-------- DATASET CONTENT --------

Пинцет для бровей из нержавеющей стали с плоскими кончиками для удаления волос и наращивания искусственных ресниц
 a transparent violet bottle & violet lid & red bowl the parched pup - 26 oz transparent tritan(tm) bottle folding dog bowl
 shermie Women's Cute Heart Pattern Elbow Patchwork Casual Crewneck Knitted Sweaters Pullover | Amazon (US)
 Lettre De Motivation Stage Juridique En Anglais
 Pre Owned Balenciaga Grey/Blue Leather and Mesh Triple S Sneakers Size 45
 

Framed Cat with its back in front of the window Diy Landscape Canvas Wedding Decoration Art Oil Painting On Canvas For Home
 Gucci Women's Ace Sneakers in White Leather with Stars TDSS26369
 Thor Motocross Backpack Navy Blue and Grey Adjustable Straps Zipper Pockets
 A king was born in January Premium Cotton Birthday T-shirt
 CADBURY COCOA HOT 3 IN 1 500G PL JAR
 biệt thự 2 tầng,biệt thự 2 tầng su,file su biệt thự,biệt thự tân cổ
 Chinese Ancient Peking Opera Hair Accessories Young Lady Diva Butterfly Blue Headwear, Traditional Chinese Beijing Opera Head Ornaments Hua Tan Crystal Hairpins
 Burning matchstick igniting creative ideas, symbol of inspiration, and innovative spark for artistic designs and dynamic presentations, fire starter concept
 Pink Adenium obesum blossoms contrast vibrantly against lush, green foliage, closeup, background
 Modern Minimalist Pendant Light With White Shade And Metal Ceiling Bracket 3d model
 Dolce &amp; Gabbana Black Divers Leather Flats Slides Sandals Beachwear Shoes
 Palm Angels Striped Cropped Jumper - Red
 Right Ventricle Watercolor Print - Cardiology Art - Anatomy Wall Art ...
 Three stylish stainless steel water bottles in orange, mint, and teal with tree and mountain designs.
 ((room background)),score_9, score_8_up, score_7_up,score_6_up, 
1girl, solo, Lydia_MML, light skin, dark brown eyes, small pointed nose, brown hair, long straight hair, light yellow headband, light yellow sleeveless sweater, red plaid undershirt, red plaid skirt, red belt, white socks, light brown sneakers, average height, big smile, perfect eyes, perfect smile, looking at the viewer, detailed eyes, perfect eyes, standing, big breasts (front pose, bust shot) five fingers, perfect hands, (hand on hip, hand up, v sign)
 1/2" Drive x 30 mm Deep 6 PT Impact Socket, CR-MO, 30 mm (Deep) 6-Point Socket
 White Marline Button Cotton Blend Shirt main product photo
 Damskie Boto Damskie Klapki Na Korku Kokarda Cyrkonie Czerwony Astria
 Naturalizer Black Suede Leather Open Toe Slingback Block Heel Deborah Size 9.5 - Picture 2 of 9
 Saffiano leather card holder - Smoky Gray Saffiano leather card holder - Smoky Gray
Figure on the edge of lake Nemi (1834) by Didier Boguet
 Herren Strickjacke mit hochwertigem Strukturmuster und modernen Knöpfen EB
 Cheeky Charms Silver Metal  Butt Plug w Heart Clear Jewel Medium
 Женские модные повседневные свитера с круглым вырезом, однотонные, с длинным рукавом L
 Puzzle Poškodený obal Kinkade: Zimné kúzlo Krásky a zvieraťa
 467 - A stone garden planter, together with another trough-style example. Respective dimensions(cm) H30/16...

--------

■ **DIRECTIONS**:
Write out the lines of the entries, word for word, from the first through the one containing "CADBURY COCOA HOT 3 IN 1 500G PL JAR", and stop at that line.

■ **OUTPUT OF THE TASK**:
Пинцет для бровей из нержавеющей стали с плоскими кончиками для удаления волос и наращивания искусственных ресниц
 a transparent violet bottle & violet lid & red bowl the parched pup - 26 oz transparent tritan(tm) bottle folding dog bowl
 shermie Women's Cute Heart Pattern Elbow Patchwork Casual Crewneck Knitted Sweaters Pullover | Amazon (US)
 Lettre De Motivation Stage Juridique En Anglais
 Pre Owned Balenciaga Grey/Blue Leather and Mesh Triple S Sneakers Size 45
 

Framed Cat with its back in front of the window Diy Landscape Canvas Wedding Decoration Art Oil Painting On Canvas For Home
 Gucci Women's Ace Sneakers in White Leather with Stars TDSS26369
 Thor Motocross Backpack Navy Blue and Grey Adjustable Straps Zipper Pockets
 A king was born in January Premium Cotton Birthday T-shirt
 CADBURY COCOA HOT 3 IN 1 500G PL JAR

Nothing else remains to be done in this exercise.